Three glasses of wine, one white, one red being poured, and another red

Maui Wine is the Upcountry at its finest. The views in this area are amazing, and the history of this site is unique!

Make a reservation for your wine tasting at the King’s Cottage Tasting Room, or settle in for a flight and appetizers.

We haven’t done this experience ourselves because we don’t drink alcohol, but it comes highly recommended from many sources.

Address: 14815 Piilani Highway, Kula, HI 96790

12.  Visit Charles Lindbergh’s Grave

The simple white stone marker of Charles Lindbergh's grave on Maui

If you’re willing to brave some seriously bumpy roads on the Back Road to Hana, you’ll find a unique historical site in Kipahulu: Charles Lindbergh’s gravesite.

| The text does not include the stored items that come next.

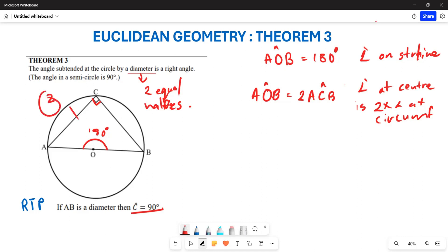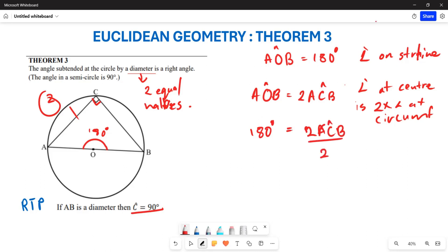We already know that angle AOB is 180 degrees. So 180 degrees equals 2 times angle ACB. We can now divide both sides by 2, which gives us angle ACB.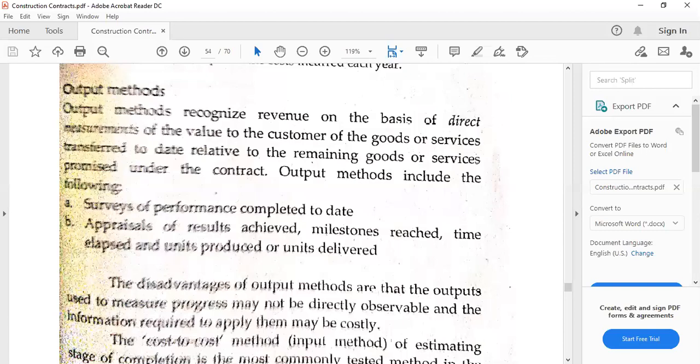This is under output methods. From the name itself, if we say output method, the basis of the percentage of completion will be whatever work has been done divided by the total work to be done — whatever was completed over the overall items to be completed. Output method is based on direct measurements of the value to the customer of the goods or services transferred to date, relative to the remaining goods or services promised under the contract.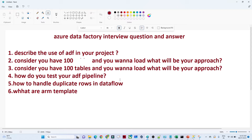You can take an example of any migration activity where you had to migrate data from one cloud to another cloud, or from on-premises to another cloud. That kind of scenario you can also use. You have to prepare this question very well.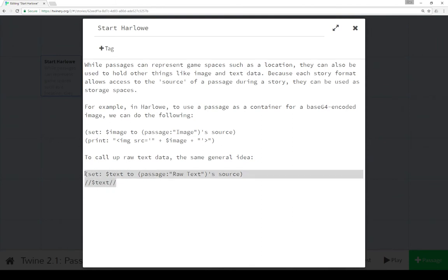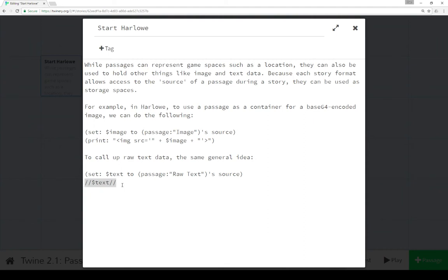Similarly, we can set a variable 'text' to be the source of a passage named 'raw text', and then display that in italics using Harlowe's markdown. So that's how we do this in Harlowe: use the passage macro, look for a passage by name, get its source, and in the case of a base64 encoded image, build an HTML image element and use Harlowe's print macro to output it.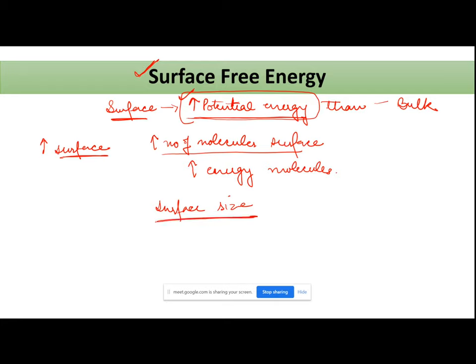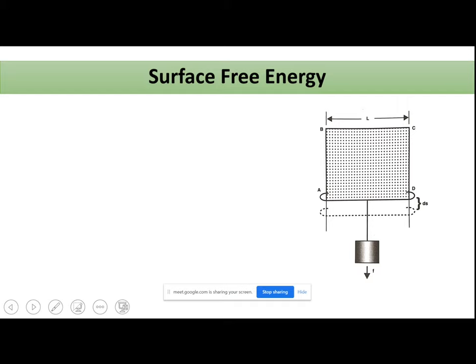In order to understand how surface free energy is related to your surface tension, let's consider this figure. I have a wire - the length of my wire starts here, which I have bent in a square form. This wire is continuous and without any joints. It starts from one end, moves till B, then C, then up to this level. The second wire is the movable wire - you can move this.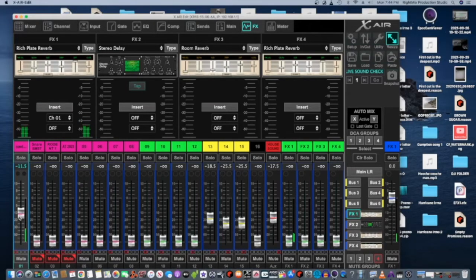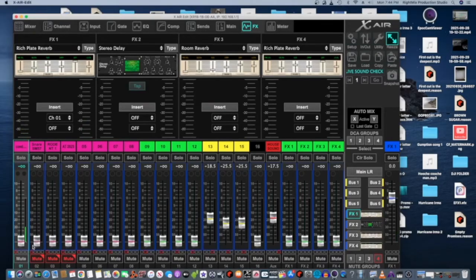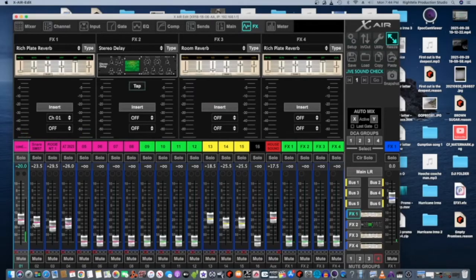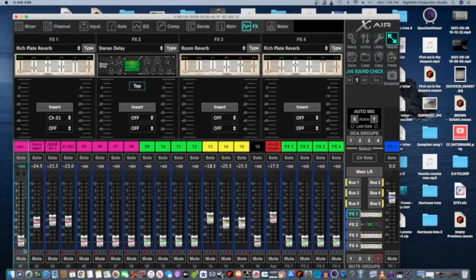So I could have all my vocals going to effects bus one, get the general settings, and then send each individual person into it accordingly. If I had four vocalists I can send them all to this effects bus with various amounts of effect — let's say three are backing vocals. I can put less effects on those and have a little more on my main lead, but then everybody sounds like they're in the same room.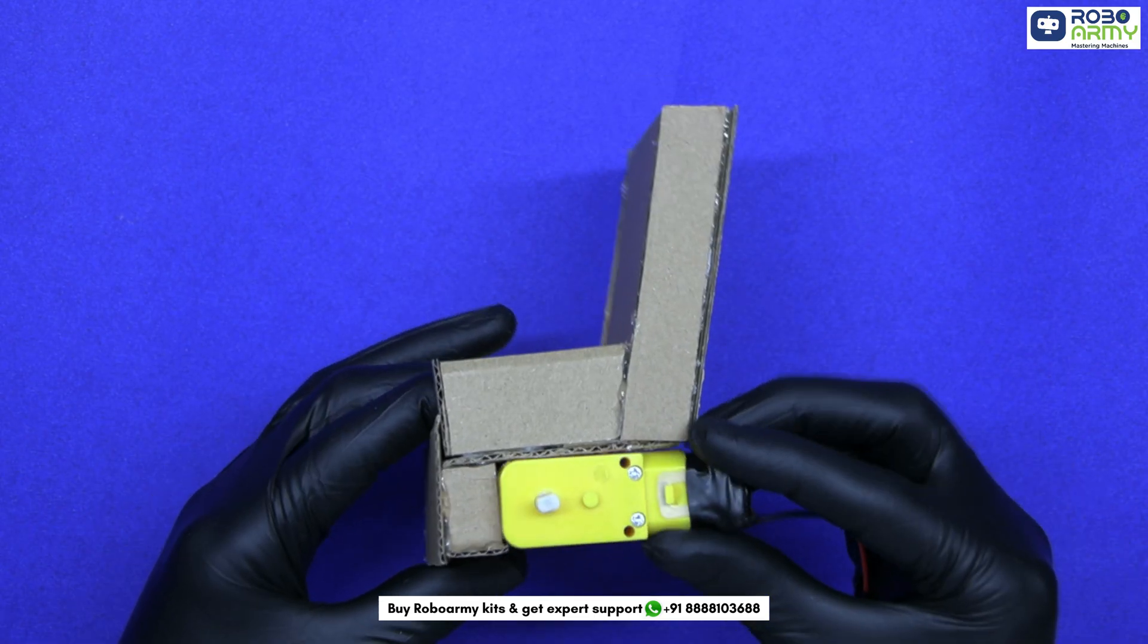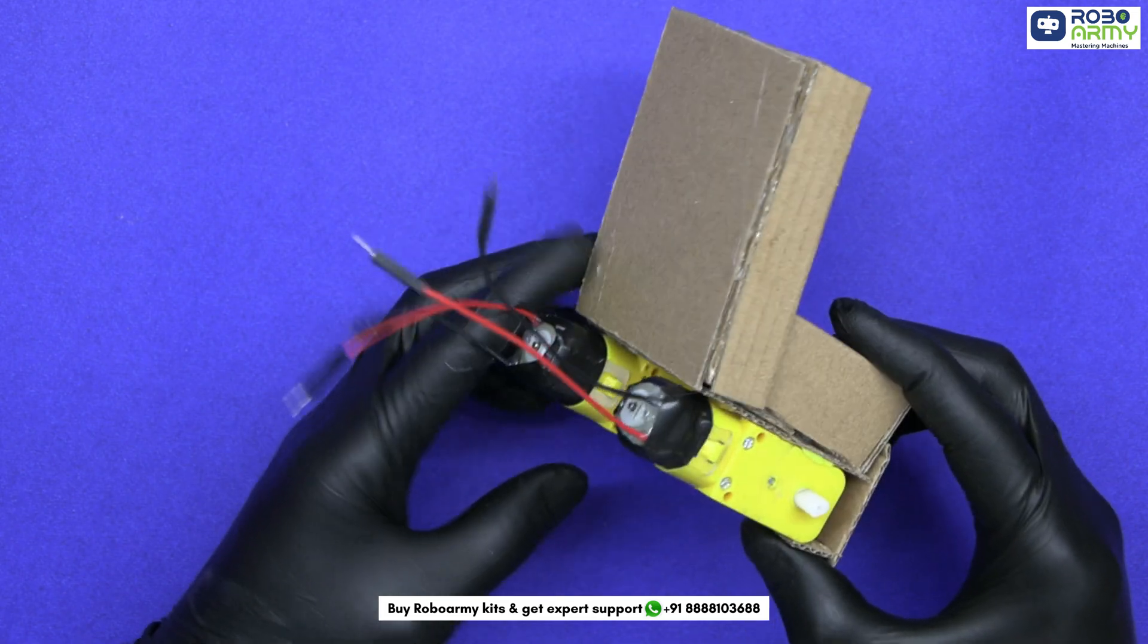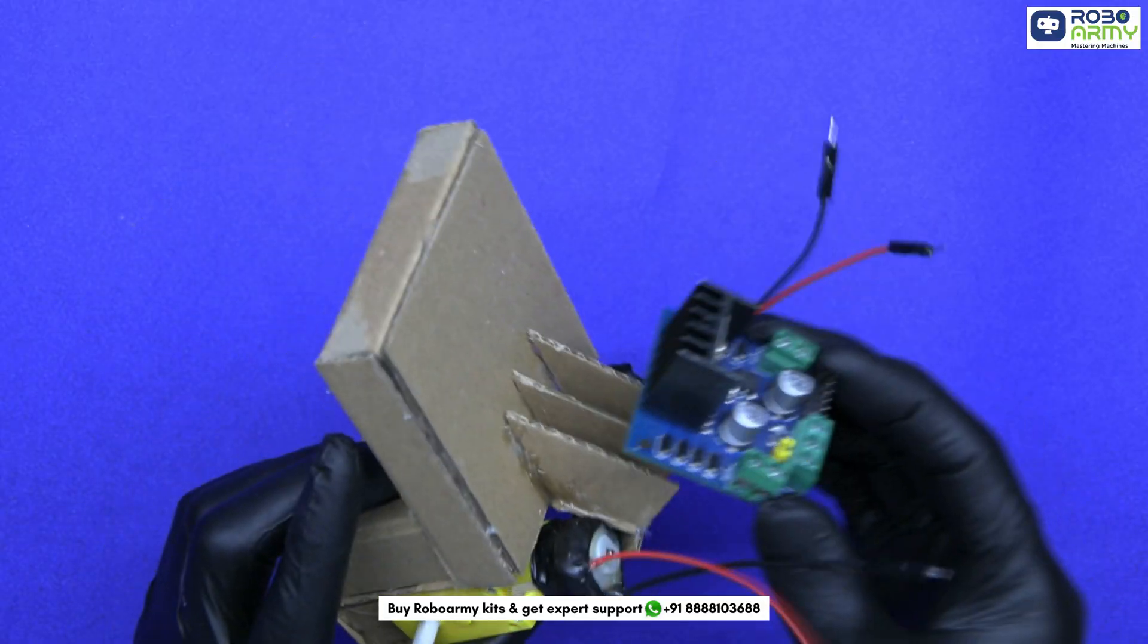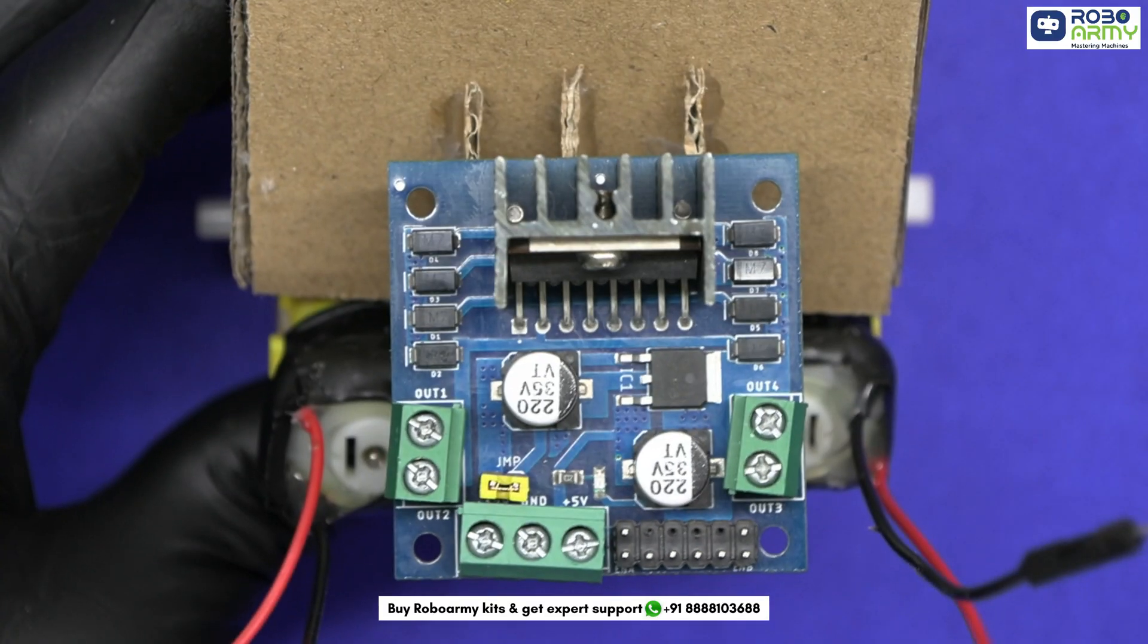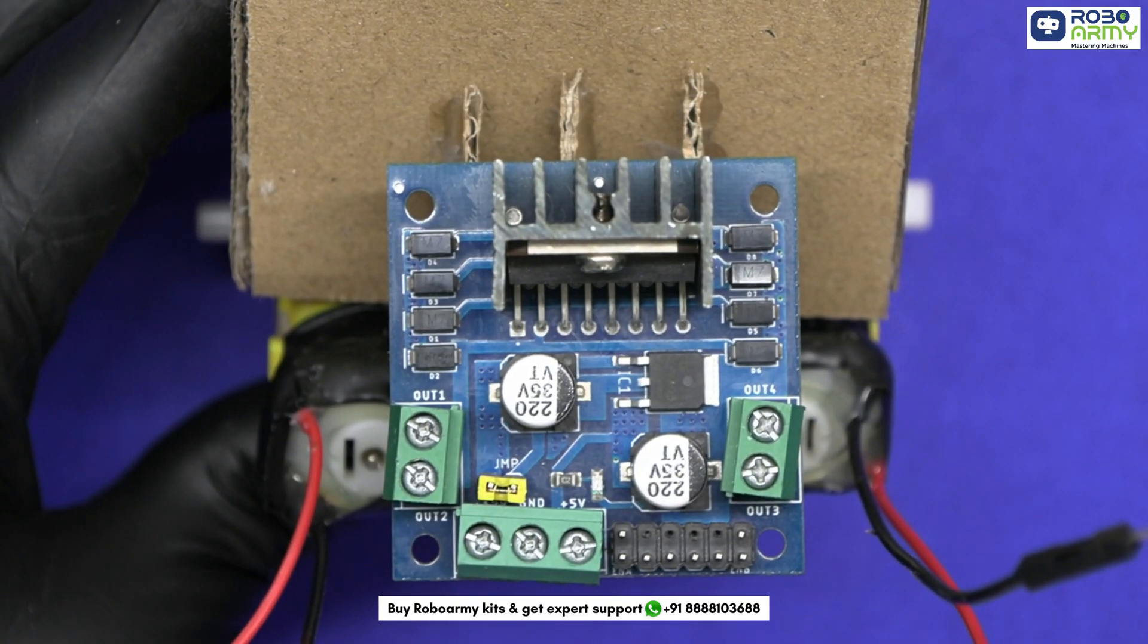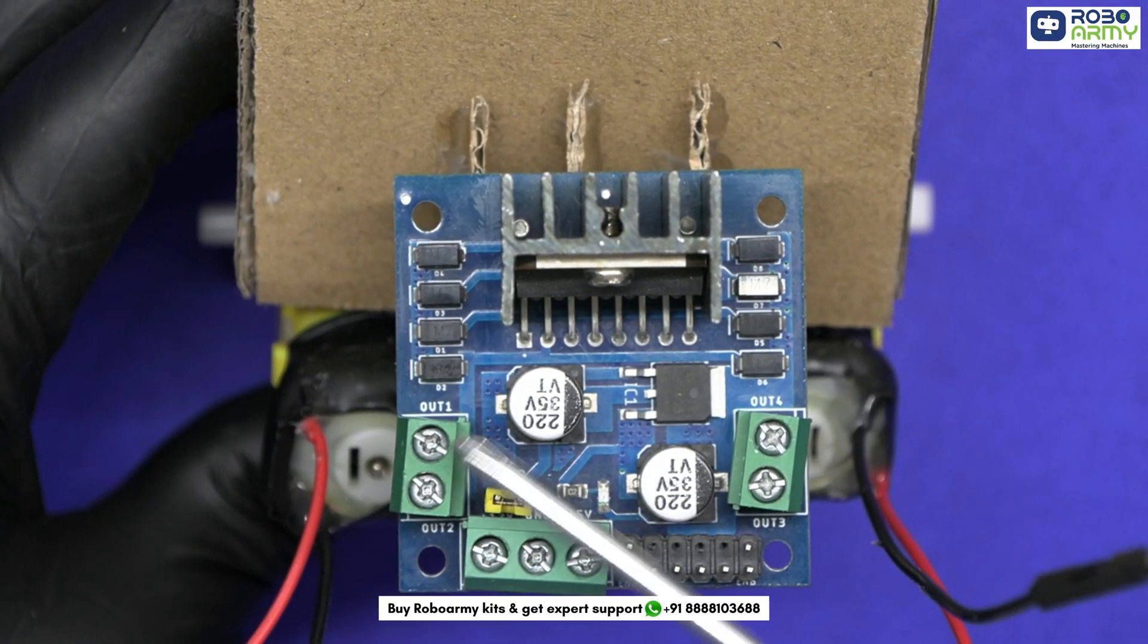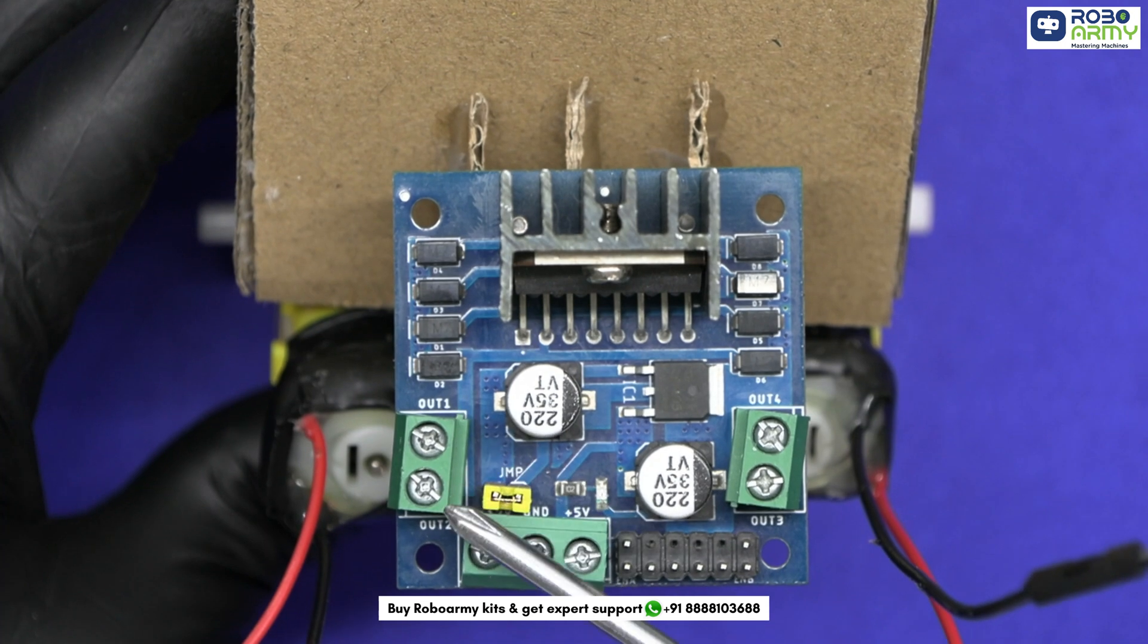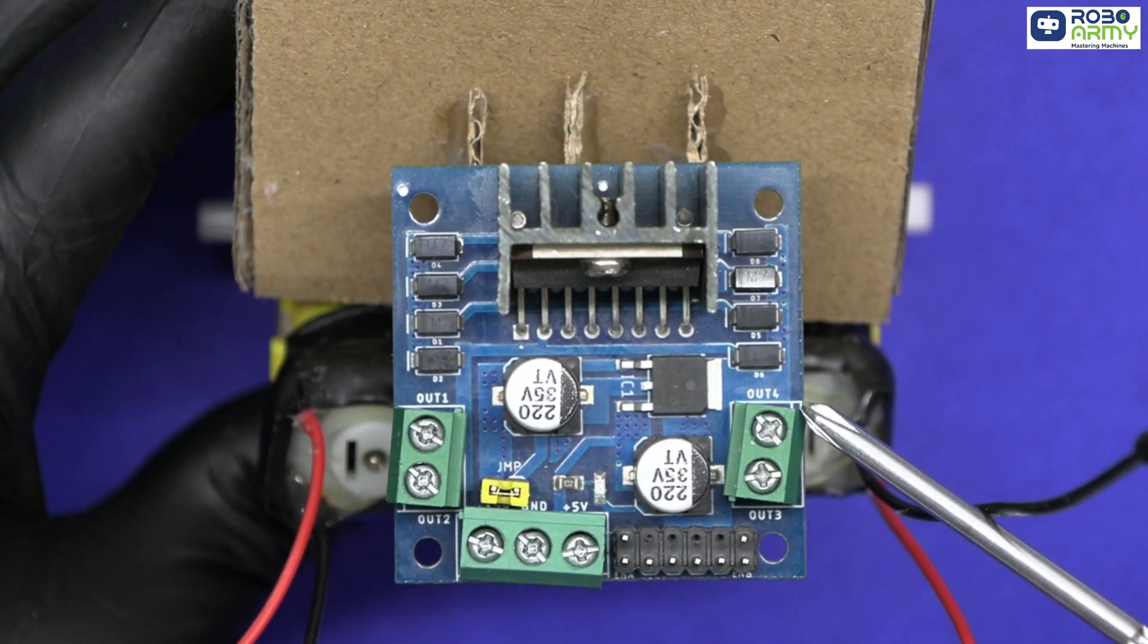Take the DC geared motors, place them like this. Take the motor driver. The L298N motor driver has two output channels labeled as OUT1, OUT2, OUT3 and OUT4.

Charles Lindbergh was a complex and controversial man known for some great and not great things.

He was the first person to fly solo nonstop across the Atlantic Ocean in 1927.

His family made headlines when his young son was tragically kidnapped and killed.

He took a staunchly isolationist view in the lead up to World War II, which didn’t win him many friends.

After Pearl Harbor, he threw his support behind the war, but FDR refused to reinstate his military commission.

Post-WWII, Lindbergh was reinstated to the Air Force by Eisenhower, held various positions, and witnessed great leaps forward like the first moon landing.

He also somehow found the time to have affairs with three women in Germany and father 7 secret children while still married to his wife.

All while becoming a huge conservationist, promoting the creation of national parks, and protecting endangered species around the world.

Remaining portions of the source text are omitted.